PROBLEM DESCRIPTION ▸ For the data below, retype word for word the lines from the one containing "فورناسيتي طبق تزيين" through the one containing "Rvh_001 The House At Reunion"; drop the pictures.

AVAILABLE DATA ▸
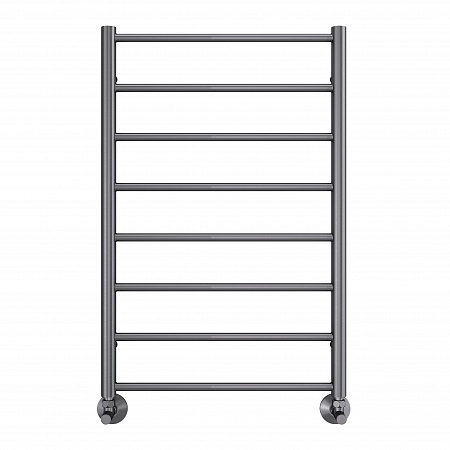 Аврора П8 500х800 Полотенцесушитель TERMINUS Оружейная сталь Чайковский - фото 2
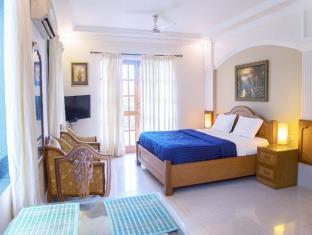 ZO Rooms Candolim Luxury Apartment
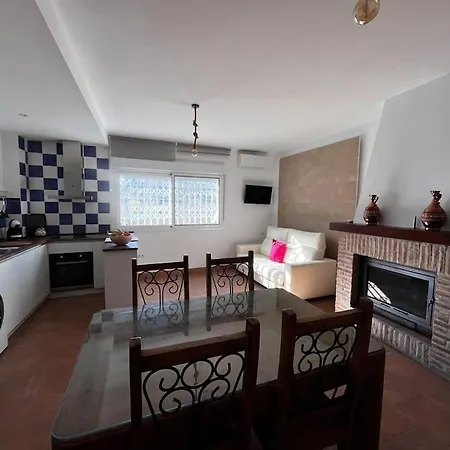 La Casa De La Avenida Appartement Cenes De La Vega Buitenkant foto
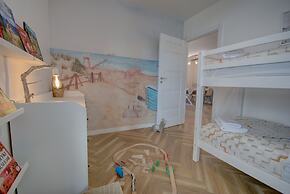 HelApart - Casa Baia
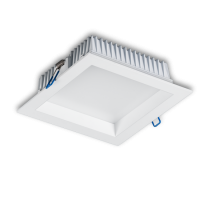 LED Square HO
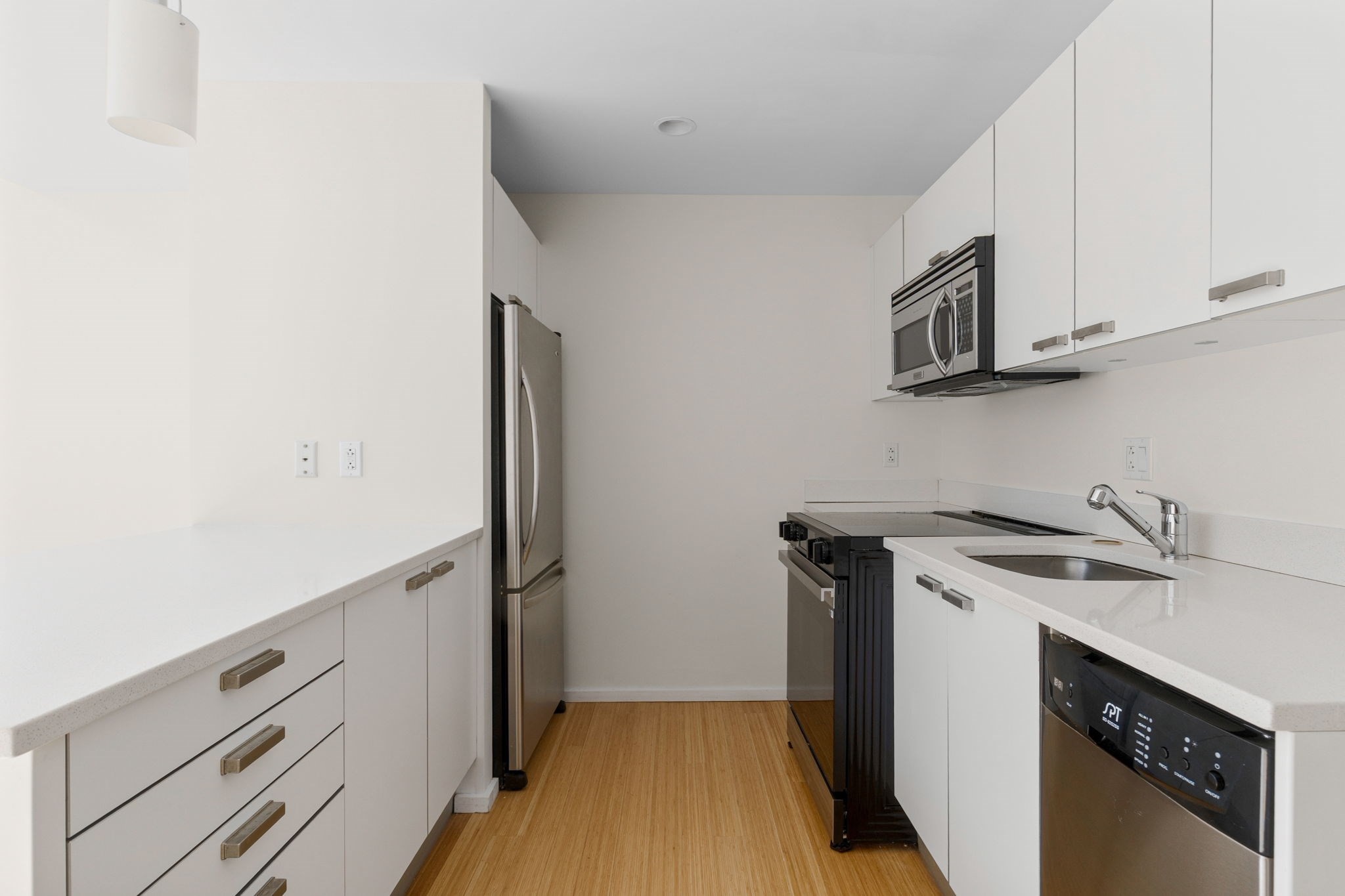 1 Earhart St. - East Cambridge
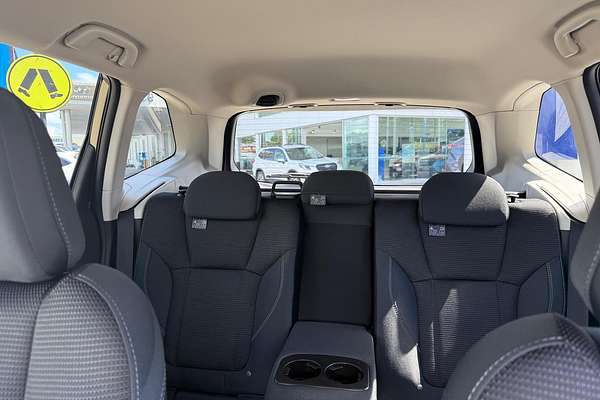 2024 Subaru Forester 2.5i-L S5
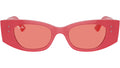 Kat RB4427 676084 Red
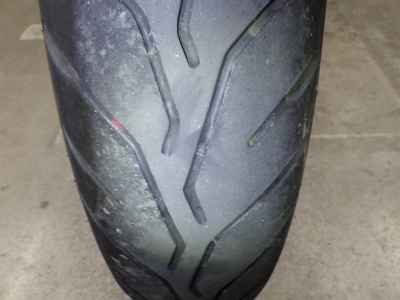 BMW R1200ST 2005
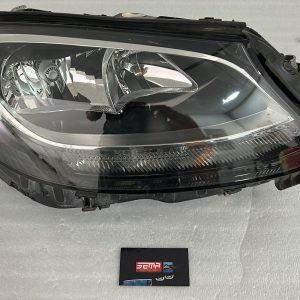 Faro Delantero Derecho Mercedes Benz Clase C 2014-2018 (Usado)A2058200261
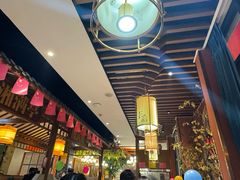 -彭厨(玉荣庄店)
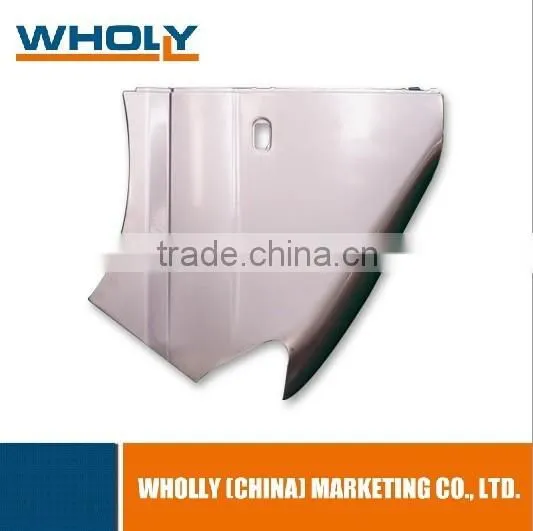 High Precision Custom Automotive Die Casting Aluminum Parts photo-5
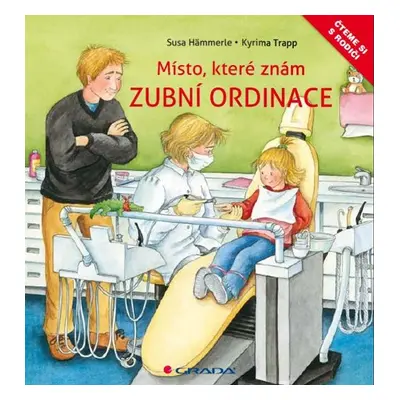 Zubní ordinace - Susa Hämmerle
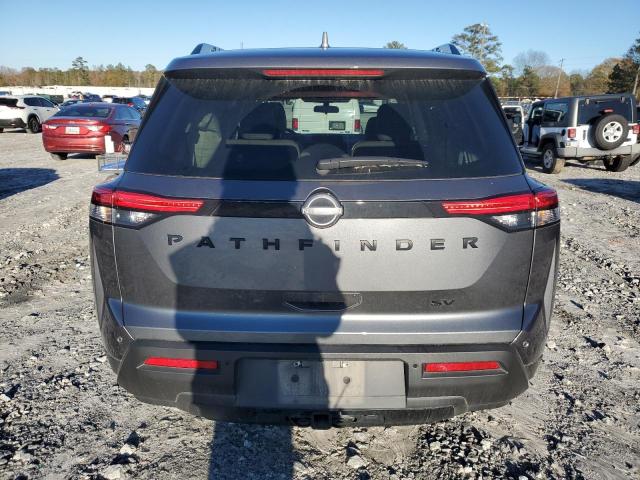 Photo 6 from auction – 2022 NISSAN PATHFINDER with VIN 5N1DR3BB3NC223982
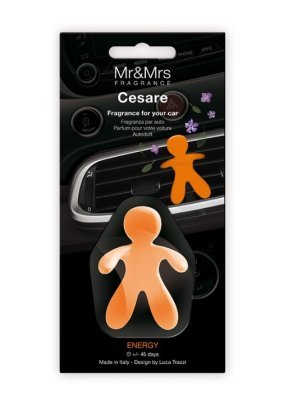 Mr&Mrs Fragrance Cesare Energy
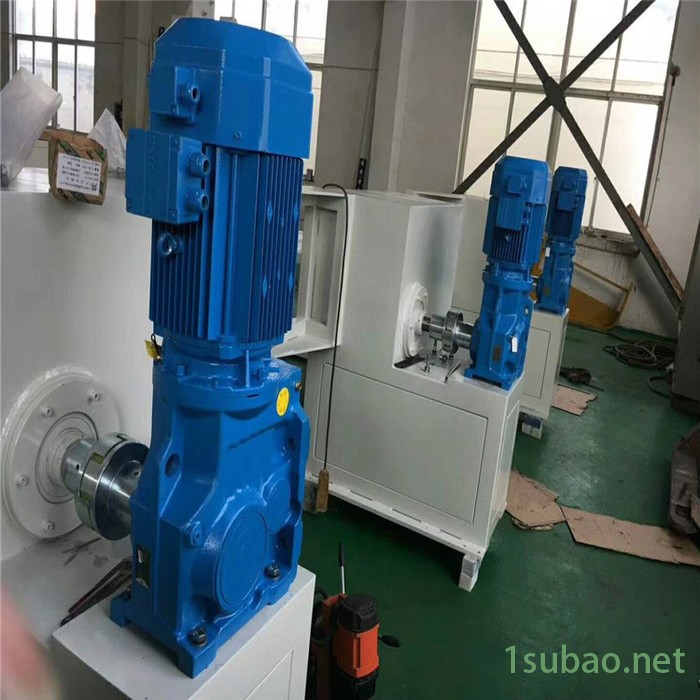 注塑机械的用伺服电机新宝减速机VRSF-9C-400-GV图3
==
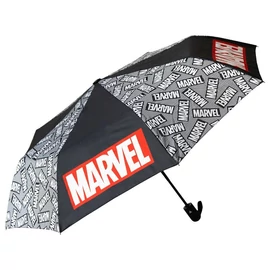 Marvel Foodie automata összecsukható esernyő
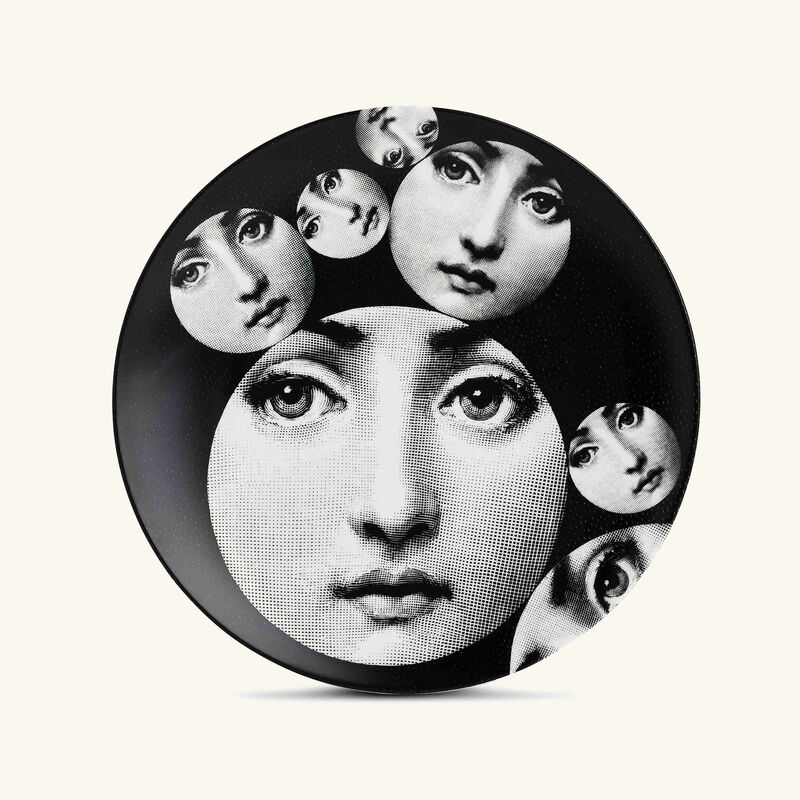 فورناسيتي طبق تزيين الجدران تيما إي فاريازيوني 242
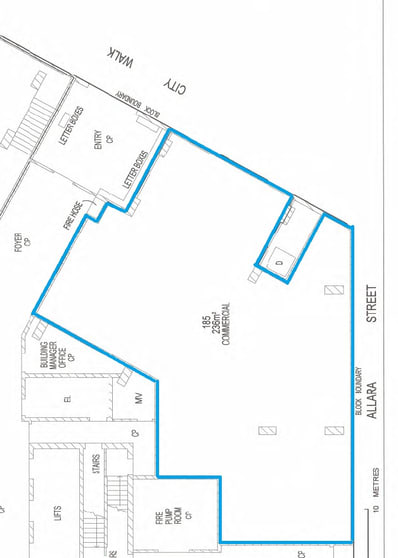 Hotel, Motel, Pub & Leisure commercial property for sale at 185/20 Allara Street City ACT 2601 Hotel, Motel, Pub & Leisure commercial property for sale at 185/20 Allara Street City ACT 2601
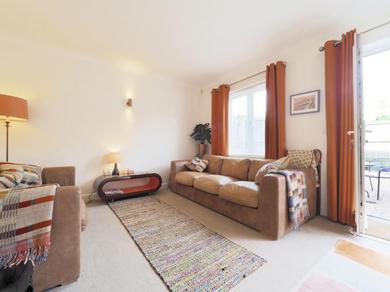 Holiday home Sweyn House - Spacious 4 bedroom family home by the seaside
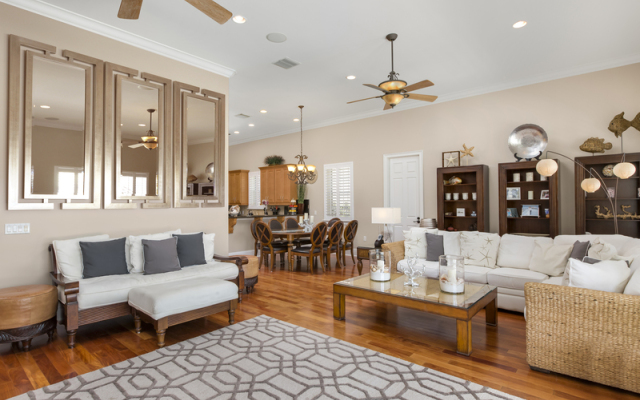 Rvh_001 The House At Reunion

SOLUTION TO THIS PROBLEM ▸
 فورناسيتي طبق تزيين الجدران تيما إي فاريازيوني 242
 Hotel, Motel, Pub & Leisure commercial property for sale at 185/20 Allara Street City ACT 2601 Hotel, Motel, Pub & Leisure commercial property for sale at 185/20 Allara Street City ACT 2601
 Holiday home Sweyn House - Spacious 4 bedroom family home by the seaside
 Rvh_001 The House At Reunion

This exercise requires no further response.